• **About this task**
Would you please output, word for word, the span of the listing below that opens on the line containing "Канва с рисунком" and closes on the line containing "Renault Clio (2012"? Include both ends and nothing more.

• **Source records**

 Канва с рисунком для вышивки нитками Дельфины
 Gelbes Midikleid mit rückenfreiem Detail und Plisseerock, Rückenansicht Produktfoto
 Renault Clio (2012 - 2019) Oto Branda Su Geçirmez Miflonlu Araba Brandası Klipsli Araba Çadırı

==

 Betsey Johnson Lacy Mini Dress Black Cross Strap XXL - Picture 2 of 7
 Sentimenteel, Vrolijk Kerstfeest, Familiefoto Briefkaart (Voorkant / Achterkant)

• **Reply to the task**
 Канва с рисунком для вышивки нитками Дельфины
 Gelbes Midikleid mit rückenfreiem Detail und Plisseerock, Rückenansicht Produktfoto
 Renault Clio (2012 - 2019) Oto Branda Su Geçirmez Miflonlu Araba Brandası Klipsli Araba Çadırı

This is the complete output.